▶ _Data records_
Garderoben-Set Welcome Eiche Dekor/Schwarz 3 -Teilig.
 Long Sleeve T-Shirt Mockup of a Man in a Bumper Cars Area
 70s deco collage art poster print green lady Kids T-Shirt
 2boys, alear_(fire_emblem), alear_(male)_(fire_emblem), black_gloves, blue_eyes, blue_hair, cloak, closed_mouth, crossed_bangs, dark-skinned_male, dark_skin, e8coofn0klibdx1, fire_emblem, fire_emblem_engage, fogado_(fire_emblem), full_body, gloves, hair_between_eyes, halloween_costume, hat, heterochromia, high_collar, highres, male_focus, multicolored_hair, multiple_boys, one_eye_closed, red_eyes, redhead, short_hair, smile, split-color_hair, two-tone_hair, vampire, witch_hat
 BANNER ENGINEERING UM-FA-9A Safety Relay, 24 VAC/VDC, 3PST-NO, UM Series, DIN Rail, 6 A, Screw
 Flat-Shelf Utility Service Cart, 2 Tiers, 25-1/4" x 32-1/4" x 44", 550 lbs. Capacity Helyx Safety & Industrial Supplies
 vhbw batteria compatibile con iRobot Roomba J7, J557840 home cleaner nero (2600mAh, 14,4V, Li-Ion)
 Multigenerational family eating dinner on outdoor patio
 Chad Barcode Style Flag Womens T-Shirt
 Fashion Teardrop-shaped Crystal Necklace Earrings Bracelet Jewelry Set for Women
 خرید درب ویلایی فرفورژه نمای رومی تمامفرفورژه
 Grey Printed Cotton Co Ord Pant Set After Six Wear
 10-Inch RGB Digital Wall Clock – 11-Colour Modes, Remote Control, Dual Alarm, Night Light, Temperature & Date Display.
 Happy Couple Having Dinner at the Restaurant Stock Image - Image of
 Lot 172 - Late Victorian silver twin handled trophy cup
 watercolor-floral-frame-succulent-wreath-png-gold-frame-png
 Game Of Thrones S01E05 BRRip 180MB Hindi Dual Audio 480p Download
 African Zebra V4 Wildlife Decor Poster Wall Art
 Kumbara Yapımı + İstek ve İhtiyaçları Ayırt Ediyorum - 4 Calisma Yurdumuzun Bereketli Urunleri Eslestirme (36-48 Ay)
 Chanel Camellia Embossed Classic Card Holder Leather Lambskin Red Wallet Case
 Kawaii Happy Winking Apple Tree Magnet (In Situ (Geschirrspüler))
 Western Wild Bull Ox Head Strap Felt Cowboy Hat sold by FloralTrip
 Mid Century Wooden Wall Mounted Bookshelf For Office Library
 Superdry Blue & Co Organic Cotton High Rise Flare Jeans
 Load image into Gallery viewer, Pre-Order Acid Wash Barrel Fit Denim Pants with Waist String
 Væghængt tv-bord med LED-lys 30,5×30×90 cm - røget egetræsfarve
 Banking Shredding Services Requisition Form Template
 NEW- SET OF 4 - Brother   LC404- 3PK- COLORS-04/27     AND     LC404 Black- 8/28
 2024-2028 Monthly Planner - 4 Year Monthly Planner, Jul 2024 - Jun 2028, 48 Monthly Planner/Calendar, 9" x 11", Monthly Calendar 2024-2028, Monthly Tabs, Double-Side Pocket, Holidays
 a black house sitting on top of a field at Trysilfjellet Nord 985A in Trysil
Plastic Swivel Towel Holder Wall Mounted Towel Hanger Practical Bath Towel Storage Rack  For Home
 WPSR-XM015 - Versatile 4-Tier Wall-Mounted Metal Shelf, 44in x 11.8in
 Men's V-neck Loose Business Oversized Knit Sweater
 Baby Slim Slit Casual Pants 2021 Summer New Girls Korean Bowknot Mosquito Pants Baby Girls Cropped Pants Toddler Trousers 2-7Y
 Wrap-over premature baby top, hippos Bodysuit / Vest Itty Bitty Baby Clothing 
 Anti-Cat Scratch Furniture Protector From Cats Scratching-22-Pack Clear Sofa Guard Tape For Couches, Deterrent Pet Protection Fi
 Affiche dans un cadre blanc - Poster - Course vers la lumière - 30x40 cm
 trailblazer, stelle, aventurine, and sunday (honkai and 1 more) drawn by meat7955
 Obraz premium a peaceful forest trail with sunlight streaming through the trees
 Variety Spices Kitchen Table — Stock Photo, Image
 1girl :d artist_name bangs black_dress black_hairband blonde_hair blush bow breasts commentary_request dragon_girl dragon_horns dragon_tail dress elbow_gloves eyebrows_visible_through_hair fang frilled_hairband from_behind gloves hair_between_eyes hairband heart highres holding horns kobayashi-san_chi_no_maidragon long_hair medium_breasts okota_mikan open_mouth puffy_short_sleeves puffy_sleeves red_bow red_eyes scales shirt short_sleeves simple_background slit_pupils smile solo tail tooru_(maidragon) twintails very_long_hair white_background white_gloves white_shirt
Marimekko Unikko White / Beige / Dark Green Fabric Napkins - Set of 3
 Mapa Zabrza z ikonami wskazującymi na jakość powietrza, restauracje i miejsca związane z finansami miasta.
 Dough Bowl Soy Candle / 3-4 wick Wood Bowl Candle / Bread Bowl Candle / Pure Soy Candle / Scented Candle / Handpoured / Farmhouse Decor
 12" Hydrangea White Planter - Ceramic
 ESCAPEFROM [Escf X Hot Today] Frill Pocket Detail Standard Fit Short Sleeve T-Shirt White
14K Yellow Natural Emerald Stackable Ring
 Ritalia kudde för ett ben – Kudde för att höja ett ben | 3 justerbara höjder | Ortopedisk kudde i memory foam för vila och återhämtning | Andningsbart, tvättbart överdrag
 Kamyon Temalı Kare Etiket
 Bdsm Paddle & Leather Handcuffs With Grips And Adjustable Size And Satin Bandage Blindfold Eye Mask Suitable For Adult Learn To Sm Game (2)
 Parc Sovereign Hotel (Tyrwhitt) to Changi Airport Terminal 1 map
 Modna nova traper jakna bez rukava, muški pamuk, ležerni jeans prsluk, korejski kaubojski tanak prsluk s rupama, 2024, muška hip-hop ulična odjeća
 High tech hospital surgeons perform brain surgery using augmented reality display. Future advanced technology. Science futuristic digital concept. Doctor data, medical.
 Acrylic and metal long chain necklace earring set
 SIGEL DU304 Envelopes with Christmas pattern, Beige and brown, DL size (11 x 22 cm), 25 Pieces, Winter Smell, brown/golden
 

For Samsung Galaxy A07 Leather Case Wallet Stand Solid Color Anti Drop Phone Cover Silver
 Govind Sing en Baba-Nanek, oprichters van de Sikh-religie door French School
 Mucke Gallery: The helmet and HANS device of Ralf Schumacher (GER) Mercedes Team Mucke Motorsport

▶ _Task item_
Please give every entry again, precisely as it appears.

▶ _Response area_
Garderoben-Set Welcome Eiche Dekor/Schwarz 3 -Teilig.
 Long Sleeve T-Shirt Mockup of a Man in a Bumper Cars Area
 70s deco collage art poster print green lady Kids T-Shirt
 2boys, alear_(fire_emblem), alear_(male)_(fire_emblem), black_gloves, blue_eyes, blue_hair, cloak, closed_mouth, crossed_bangs, dark-skinned_male, dark_skin, e8coofn0klibdx1, fire_emblem, fire_emblem_engage, fogado_(fire_emblem), full_body, gloves, hair_between_eyes, halloween_costume, hat, heterochromia, high_collar, highres, male_focus, multicolored_hair, multiple_boys, one_eye_closed, red_eyes, redhead, short_hair, smile, split-color_hair, two-tone_hair, vampire, witch_hat
 BANNER ENGINEERING UM-FA-9A Safety Relay, 24 VAC/VDC, 3PST-NO, UM Series, DIN Rail, 6 A, Screw
 Flat-Shelf Utility Service Cart, 2 Tiers, 25-1/4" x 32-1/4" x 44", 550 lbs. Capacity Helyx Safety & Industrial Supplies
 vhbw batteria compatibile con iRobot Roomba J7, J557840 home cleaner nero (2600mAh, 14,4V, Li-Ion)
 Multigenerational family eating dinner on outdoor patio
 Chad Barcode Style Flag Womens T-Shirt
 Fashion Teardrop-shaped Crystal Necklace Earrings Bracelet Jewelry Set for Women
 خرید درب ویلایی فرفورژه نمای رومی تمامفرفورژه
 Grey Printed Cotton Co Ord Pant Set After Six Wear
 10-Inch RGB Digital Wall Clock – 11-Colour Modes, Remote Control, Dual Alarm, Night Light, Temperature & Date Display.
 Happy Couple Having Dinner at the Restaurant Stock Image - Image of
 Lot 172 - Late Victorian silver twin handled trophy cup
 watercolor-floral-frame-succulent-wreath-png-gold-frame-png
 Game Of Thrones S01E05 BRRip 180MB Hindi Dual Audio 480p Download
 African Zebra V4 Wildlife Decor Poster Wall Art
 Kumbara Yapımı + İstek ve İhtiyaçları Ayırt Ediyorum - 4 Calisma Yurdumuzun Bereketli Urunleri Eslestirme (36-48 Ay)
 Chanel Camellia Embossed Classic Card Holder Leather Lambskin Red Wallet Case
 Kawaii Happy Winking Apple Tree Magnet (In Situ (Geschirrspüler))
 Western Wild Bull Ox Head Strap Felt Cowboy Hat sold by FloralTrip
 Mid Century Wooden Wall Mounted Bookshelf For Office Library
 Superdry Blue & Co Organic Cotton High Rise Flare Jeans
 Load image into Gallery viewer, Pre-Order Acid Wash Barrel Fit Denim Pants with Waist String
 Væghængt tv-bord med LED-lys 30,5×30×90 cm - røget egetræsfarve
 Banking Shredding Services Requisition Form Template
 NEW- SET OF 4 - Brother   LC404- 3PK- COLORS-04/27     AND     LC404 Black- 8/28
 2024-2028 Monthly Planner - 4 Year Monthly Planner, Jul 2024 - Jun 2028, 48 Monthly Planner/Calendar, 9" x 11", Monthly Calendar 2024-2028, Monthly Tabs, Double-Side Pocket, Holidays
 a black house sitting on top of a field at Trysilfjellet Nord 985A in Trysil
Plastic Swivel Towel Holder Wall Mounted Towel Hanger Practical Bath Towel Storage Rack  For Home
 WPSR-XM015 - Versatile 4-Tier Wall-Mounted Metal Shelf, 44in x 11.8in
 Men's V-neck Loose Business Oversized Knit Sweater
 Baby Slim Slit Casual Pants 2021 Summer New Girls Korean Bowknot Mosquito Pants Baby Girls Cropped Pants Toddler Trousers 2-7Y
 Wrap-over premature baby top, hippos Bodysuit / Vest Itty Bitty Baby Clothing 
 Anti-Cat Scratch Furniture Protector From Cats Scratching-22-Pack Clear Sofa Guard Tape For Couches, Deterrent Pet Protection Fi
 Affiche dans un cadre blanc - Poster - Course vers la lumière - 30x40 cm
 trailblazer, stelle, aventurine, and sunday (honkai and 1 more) drawn by meat7955
 Obraz premium a peaceful forest trail with sunlight streaming through the trees
 Variety Spices Kitchen Table — Stock Photo, Image
 1girl :d artist_name bangs black_dress black_hairband blonde_hair blush bow breasts commentary_request dragon_girl dragon_horns dragon_tail dress elbow_gloves eyebrows_visible_through_hair fang frilled_hairband from_behind gloves hair_between_eyes hairband heart highres holding horns kobayashi-san_chi_no_maidragon long_hair medium_breasts okota_mikan open_mouth puffy_short_sleeves puffy_sleeves red_bow red_eyes scales shirt short_sleeves simple_background slit_pupils smile solo tail tooru_(maidragon) twintails very_long_hair white_background white_gloves white_shirt
Marimekko Unikko White / Beige / Dark Green Fabric Napkins - Set of 3
 Mapa Zabrza z ikonami wskazującymi na jakość powietrza, restauracje i miejsca związane z finansami miasta.
 Dough Bowl Soy Candle / 3-4 wick Wood Bowl Candle / Bread Bowl Candle / Pure Soy Candle / Scented Candle / Handpoured / Farmhouse Decor
 12" Hydrangea White Planter - Ceramic
 ESCAPEFROM [Escf X Hot Today] Frill Pocket Detail Standard Fit Short Sleeve T-Shirt White
14K Yellow Natural Emerald Stackable Ring
 Ritalia kudde för ett ben – Kudde för att höja ett ben | 3 justerbara höjder | Ortopedisk kudde i memory foam för vila och återhämtning | Andningsbart, tvättbart överdrag
 Kamyon Temalı Kare Etiket
 Bdsm Paddle & Leather Handcuffs With Grips And Adjustable Size And Satin Bandage Blindfold Eye Mask Suitable For Adult Learn To Sm Game (2)
 Parc Sovereign Hotel (Tyrwhitt) to Changi Airport Terminal 1 map
 Modna nova traper jakna bez rukava, muški pamuk, ležerni jeans prsluk, korejski kaubojski tanak prsluk s rupama, 2024, muška hip-hop ulična odjeća
 High tech hospital surgeons perform brain surgery using augmented reality display. Future advanced technology. Science futuristic digital concept. Doctor data, medical.
 Acrylic and metal long chain necklace earring set
 SIGEL DU304 Envelopes with Christmas pattern, Beige and brown, DL size (11 x 22 cm), 25 Pieces, Winter Smell, brown/golden
 

For Samsung Galaxy A07 Leather Case Wallet Stand Solid Color Anti Drop Phone Cover Silver
 Govind Sing en Baba-Nanek, oprichters van de Sikh-religie door French School
 Mucke Gallery: The helmet and HANS device of Ralf Schumacher (GER) Mercedes Team Mucke Motorsport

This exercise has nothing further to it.